- Dutch: Donna: vrouwen in verzet
- Literally: Donna: Women in revolt
- Directed by: Yvonne Scholten
- Written by: Yvonne Scholten
- Edited by: Yvonne Scholten
- Production company: IKON TV
- Distributed by: The Eye Filmmuseum
- Release date: 1980;
- Running time: 66 minutes
- Country: Netherlands
- Language: Italian

= Donna: Women in Revolt =

1980 documentary film

Donna: Women in Revolt (Dutch: Donna: Vrouwen in verzet) is a documentary film from 1980 directed by Yvonne Scholten. The film is part of the second feminist movement and was distributed by the Amsterdam Feminist Film Collective Cinemien. The film's starting point is the attack on 9 January 1979 by a fascist commando on Radio Donna, a feminist radio station in Rome. The film is a documentary that depicts 80 years of women's resistance based on archive footage and interviews. The documentary shows how Italian women resisted the church, the Christian Democrats, patriarchy and Mussolini.

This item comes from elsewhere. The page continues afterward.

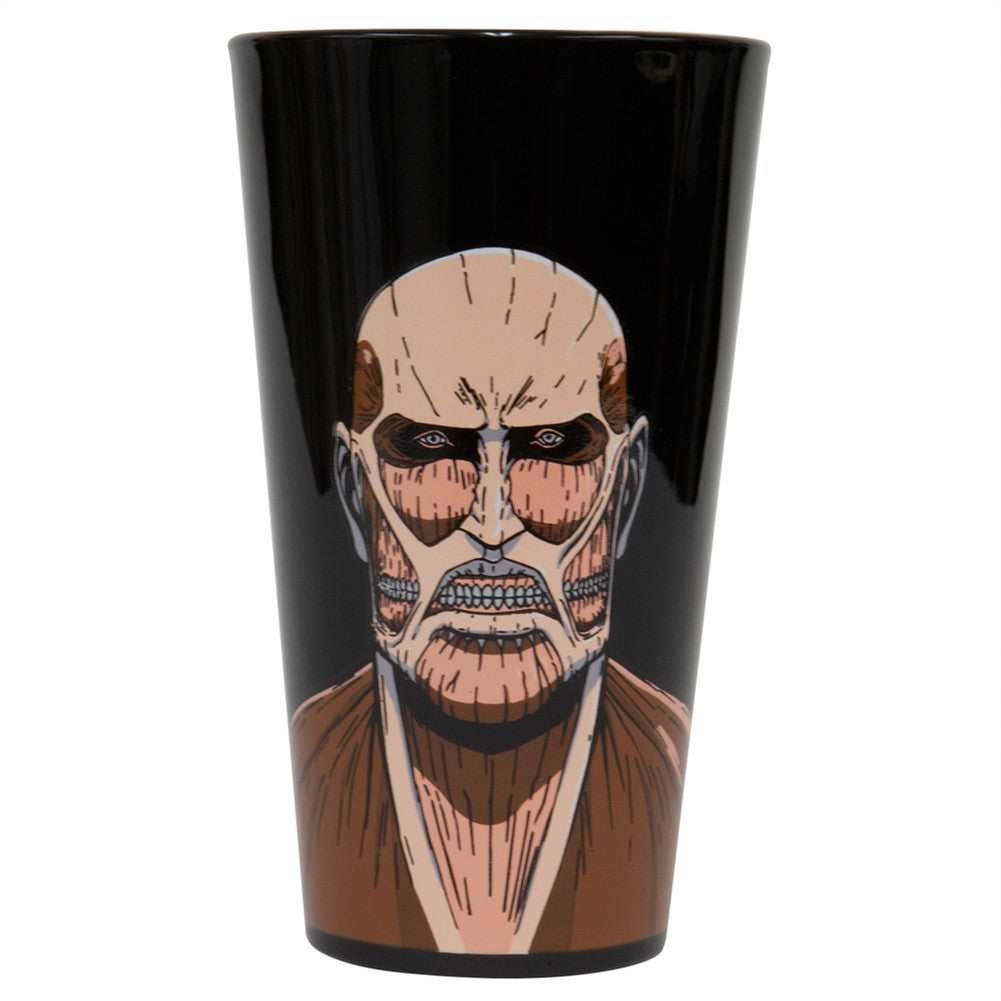 Attack On Titan - Titan Portrait Pint Glass Pint Glasses Old Glory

The film has been restored by the programme A Season of Classics supported by Creative Europe. Since its restoration, it has been screener in many festivals and cinematheques in Europe, for example in Rome, Milano, Düsseldorf, Amsterdam and Lugano at the Film Festival Diritti Umani Lugano.

==Background==
Yvonne Scholten is a journalist and documentary director. In the 1970s and 1980s, she was a correspondent in Italy for Dutch broadcasters and newspapers. Yvonne Scholten used the method of oral history to gather women's points of view on their own history and their fight for recognition and rights. DONNA is her unique film. She then worked as an editor for Dutch TV until 2004.

==Reception==
The film was broadcast on the Dutch IKON TV and distributed in the Netherlands by the Collective Cinemien.